[Items listed in a dataset]
---

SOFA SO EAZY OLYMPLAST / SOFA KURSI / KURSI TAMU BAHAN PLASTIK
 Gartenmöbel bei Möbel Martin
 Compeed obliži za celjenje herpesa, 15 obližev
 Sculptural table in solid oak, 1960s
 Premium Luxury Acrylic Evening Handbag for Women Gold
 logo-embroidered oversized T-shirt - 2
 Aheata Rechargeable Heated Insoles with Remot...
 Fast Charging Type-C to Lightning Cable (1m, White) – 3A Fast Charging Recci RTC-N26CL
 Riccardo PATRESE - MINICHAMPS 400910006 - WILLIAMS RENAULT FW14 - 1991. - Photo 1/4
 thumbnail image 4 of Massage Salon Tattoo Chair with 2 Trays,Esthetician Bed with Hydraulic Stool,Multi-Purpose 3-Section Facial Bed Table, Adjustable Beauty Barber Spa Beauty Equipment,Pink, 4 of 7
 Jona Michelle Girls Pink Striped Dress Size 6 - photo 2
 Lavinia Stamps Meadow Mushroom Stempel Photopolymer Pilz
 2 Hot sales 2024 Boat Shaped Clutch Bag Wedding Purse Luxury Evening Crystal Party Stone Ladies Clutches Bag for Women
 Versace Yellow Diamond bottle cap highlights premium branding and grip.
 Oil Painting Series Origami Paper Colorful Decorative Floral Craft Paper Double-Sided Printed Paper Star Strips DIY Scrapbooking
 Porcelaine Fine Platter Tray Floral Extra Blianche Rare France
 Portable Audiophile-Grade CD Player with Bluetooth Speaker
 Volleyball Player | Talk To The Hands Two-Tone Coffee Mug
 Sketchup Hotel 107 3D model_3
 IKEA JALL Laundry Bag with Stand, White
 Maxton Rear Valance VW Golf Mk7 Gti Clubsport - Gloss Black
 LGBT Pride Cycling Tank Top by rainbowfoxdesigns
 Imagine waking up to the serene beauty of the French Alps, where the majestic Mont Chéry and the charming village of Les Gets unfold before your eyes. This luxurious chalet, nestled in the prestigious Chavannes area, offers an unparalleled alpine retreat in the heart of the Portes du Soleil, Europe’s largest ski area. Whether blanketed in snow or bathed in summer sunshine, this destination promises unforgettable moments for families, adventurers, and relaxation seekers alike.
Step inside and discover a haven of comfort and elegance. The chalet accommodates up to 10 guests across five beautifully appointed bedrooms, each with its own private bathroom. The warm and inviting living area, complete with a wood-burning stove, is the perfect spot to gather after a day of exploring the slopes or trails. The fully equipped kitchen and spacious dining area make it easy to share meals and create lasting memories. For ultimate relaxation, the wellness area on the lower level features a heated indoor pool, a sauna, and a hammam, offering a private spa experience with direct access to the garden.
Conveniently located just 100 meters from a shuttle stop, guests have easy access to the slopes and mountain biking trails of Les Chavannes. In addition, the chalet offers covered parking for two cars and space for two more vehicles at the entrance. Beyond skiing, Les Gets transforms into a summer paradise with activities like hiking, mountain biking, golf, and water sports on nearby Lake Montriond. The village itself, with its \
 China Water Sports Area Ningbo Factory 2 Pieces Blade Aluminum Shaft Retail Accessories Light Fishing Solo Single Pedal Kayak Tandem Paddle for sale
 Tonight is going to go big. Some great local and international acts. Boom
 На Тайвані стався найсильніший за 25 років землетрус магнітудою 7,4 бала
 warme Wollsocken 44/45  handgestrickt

---

Count the lines in the records above that contain the word "Player", and give only that number.

2